__Problem description__:
Among the lines below, the one containing "Maniere De Voir" opens the range and the one containing "Ceplerinde gülümseyen kadın ile ayakta eller" closes it. Print that range exactly, without the pictures.

__Exercise inputs__:

┏━━

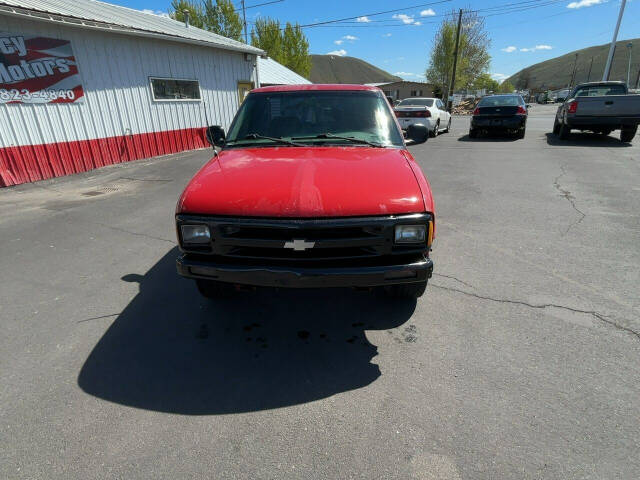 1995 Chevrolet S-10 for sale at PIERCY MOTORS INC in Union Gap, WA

┗━━
┏━━

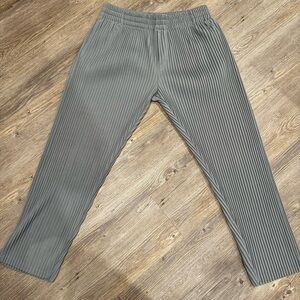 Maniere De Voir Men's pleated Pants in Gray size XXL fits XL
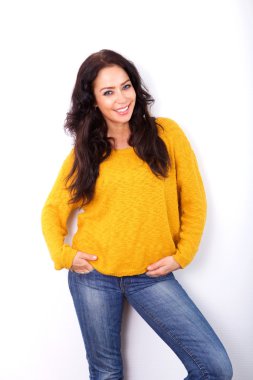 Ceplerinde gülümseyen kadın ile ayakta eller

┗━━

__Exercise output__:
 Maniere De Voir Men's pleated Pants in Gray size XXL fits XL
 Ceplerinde gülümseyen kadın ile ayakta eller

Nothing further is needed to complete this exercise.